USDC vs. USDT: $70.2T volume drives shift as Circle expands into Africa

ambcryptoPublished on 2026-03-25Last updated on 2026-03-25

Abstract

Circle partners with Sasai Fintech (Cassava Technologies) to expand USDC into Africa, aiming to revolutionize cross-border payments by making them faster, cheaper, and more reliable. This integration into Sasai's mobile platform addresses high fees (often over 7%) and slow traditional systems. The move occurs as stablecoins process $70.2T in annual volume, with USDC gaining market share against USDT, signaling a shift toward reliable, transparent systems. However, Circle faces regulatory challenges in the U.S., including concerns from the upcoming CLARITY Act, which contributed to a recent 20% stock drop. The expansion highlights a strategic focus on high-growth markets like Africa despite domestic uncertainties.

While many are currently concerned about Circle’s stock performance on the NYSE, the company’s partnership with Sasai Fintech, a business of Cassava Technologies, tells an interesting story.

This move isn’t just about expanding into Africa; it’s aimed at tackling a long‐standing challenge: cross‐border payments that remain slow, costly, and inefficient. The plan is to bring USDC into Sasai’s mobile platform, which already supports payments and remittances across multiple African countries.

USDC x Sasai’s partnership: A green flag

Currently, fees can go above 7%, so using a stablecoin like USDC can make transactions faster, cheaper, and more reliable.

By adding USDC into a mobile platform that already supports fast-moving trade, it removes the delays and high costs of traditional systems, where transactions can take days.

Additionally, the partnership is also meant to offer a stable and transparent way to make cross-border payments. This would, in turn, help businesses avoid local currency swings while staying connected to the global market.

Executives weighing in

Remarking on the same, Strive Masiyiwa, Founder and Executive Chairman at Cassava Technologies, said,

Africa’s digital economy is entering a new era, propelled by entrepreneurship, a mobile-first generation, and the acceleration of intra-regional trade.

Adding more to the sentiment, Jeremy Allaire, co-founder and CEO at Circle, noted,

Working with Cassava, we can extend the benefits of USDC and onchain infrastructure into high-growth payment corridors to deliver always-on global connectivity.

Stablecoin’s market dynamics: USDC vs. USDT

The partnership comes at an important time for stablecoins, which have handled a huge $70.2 trillion in transactions over the past year. While USDT was leading for most of 2025, things started to change in early 2026.

Even though total activity slowed a bit in March after a strong February, USDC has started catching up and even briefly matched USDT’s share.

Source: Visa on-chain analytics

This rise in USDC signals a shift away from pure speculation toward more reliable systems, something Circle is now bringing to markets like Africa.

Regulatory clarity and more

While Circle expands into Africa, its position in the United States has become shaky due to new regulations.

In 2025, the GENIUS Act gave a positive direction for stablecoins by supporting dollar-backed digital assets. But now, the upcoming CLARITY Act is creating fresh concerns.

This has made investors nervous, as it could directly impact how companies like Circle generate revenue. As a result, Circle’s stock (CRCL) recently saw a sharp drop of nearly 20% on the 24th of March, closing at $101.17.

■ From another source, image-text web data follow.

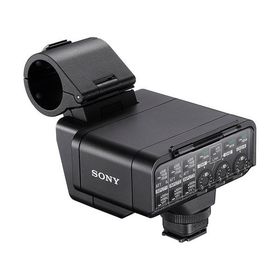 SONY XLR-A4 XLRハンドルユニット ソニー 国内正規品 純正 オーディオアダプター α7R VI 動画 4chマイク対応 1年保証 送料無料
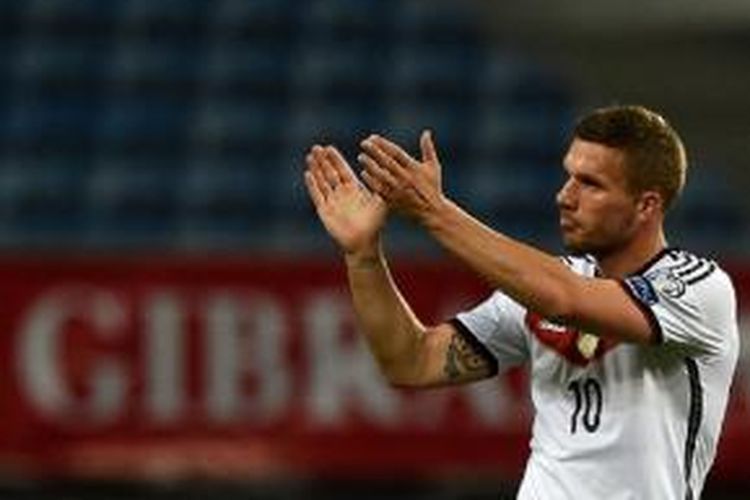 Pemain tim nasional Jerman, Lukas Podolski, akan bergabung ke Galatasaray mulai musim 2015-2016.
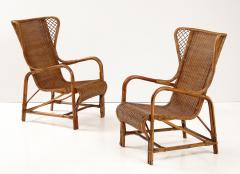 Eugenia Alberti Reggio Pair of armchairs for Ciceri Italy - 3724311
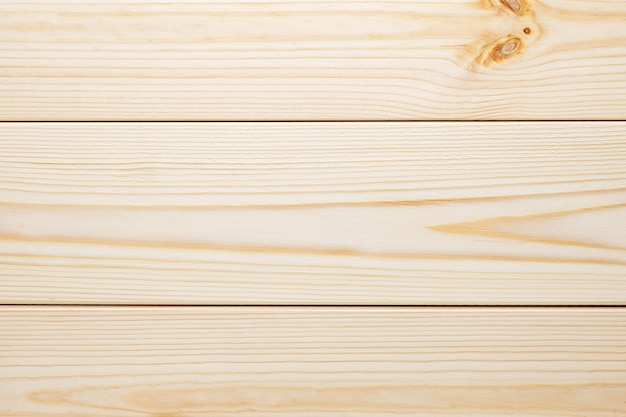 Wooden surface background of treated boards uniform texture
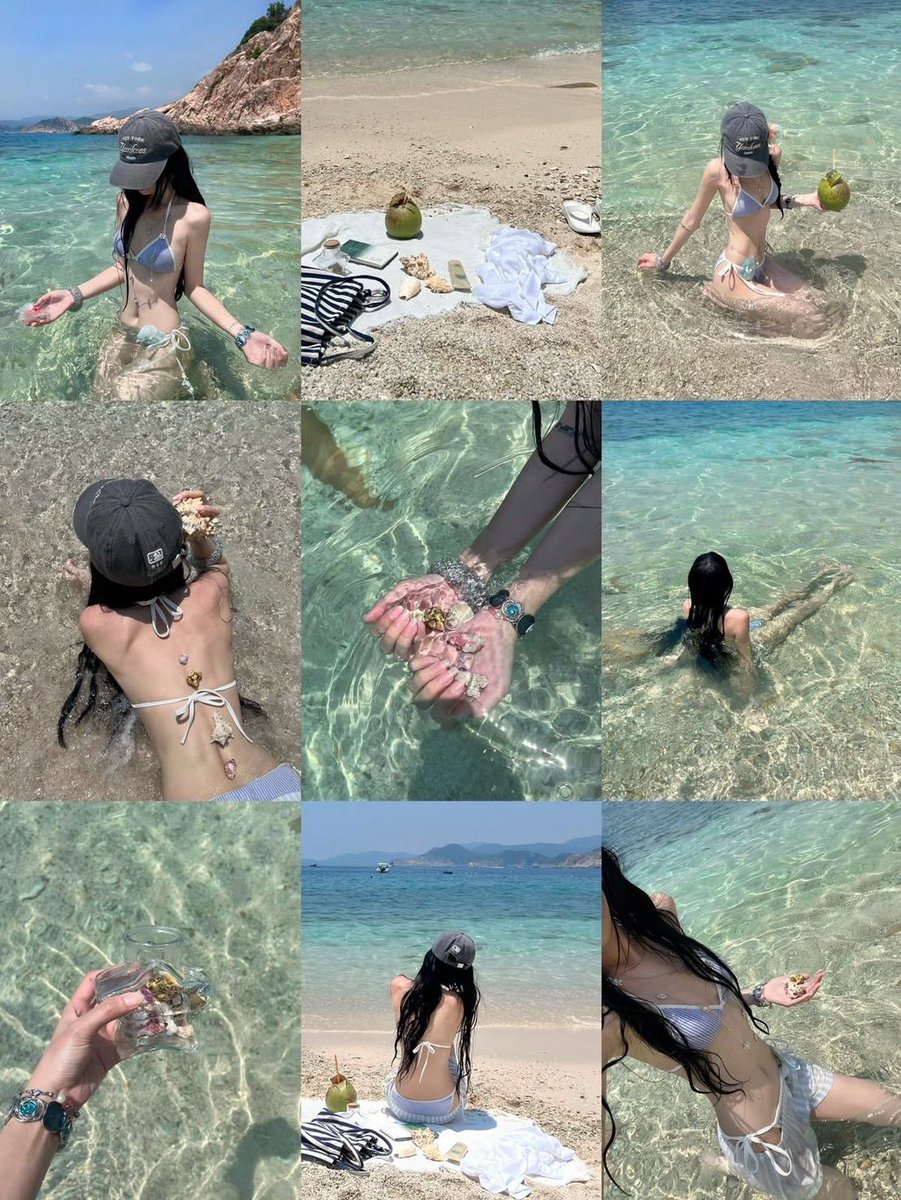 milcim_bty's tweet photo. この撮り方可愛すぎる...今年の夏は爆美女な親友ちゃんと海行く予定あるから絶対この撮り方するんだから‼️ https://t.co/fJJqMBIc2i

All this together shows that Circle is at a turning point, dealing with regulatory challenges in the U.S. while building a strong, usage-driven future in markets like Africa.


Final Summary

  • Integrating USDC into Sasai’s mobile network could cut remittance costs and speed up settlements.
  • The rising competition between USDC and USDT reflects demand for transparency and regulatory alignment.

Related Questions

QWhat is the primary goal of Circle's partnership with Sasai Fintech in Africa?

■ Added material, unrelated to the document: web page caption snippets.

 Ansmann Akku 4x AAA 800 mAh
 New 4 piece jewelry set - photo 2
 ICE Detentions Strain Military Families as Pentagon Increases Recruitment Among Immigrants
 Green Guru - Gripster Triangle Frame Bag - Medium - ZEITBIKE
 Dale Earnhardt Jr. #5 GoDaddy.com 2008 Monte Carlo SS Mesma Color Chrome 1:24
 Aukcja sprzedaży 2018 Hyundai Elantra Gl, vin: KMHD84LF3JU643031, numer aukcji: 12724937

AThe primary goal is to tackle the challenges of slow, costly, and inefficient cross-border payments by integrating USDC into Sasai's mobile platform to make transactions faster, cheaper, and more reliable.

QAccording to the article, what significant shift in the stablecoin market does the rise of USDC signal?

AThe rise of USDC signals a shift away from pure speculation toward more reliable and transparent systems for cross-border payments and remittances.

QWhat recent U.S. regulatory development has created concerns for Circle and its investors?

AThe upcoming CLARITY Act has created fresh concerns and investor nervousness, as it could directly impact how companies like Circle generate revenue, contributing to a sharp drop in its stock price.

QHow much transaction volume have stablecoins handled over the past year, as mentioned in the article?

AStablecoins have handled a huge $70.2 trillion in transactions over the past year.

QWhich two key benefits does the article suggest the USDC integration will bring to African markets?

AThe integration is expected to cut remittance costs and speed up settlement times for cross-border payments.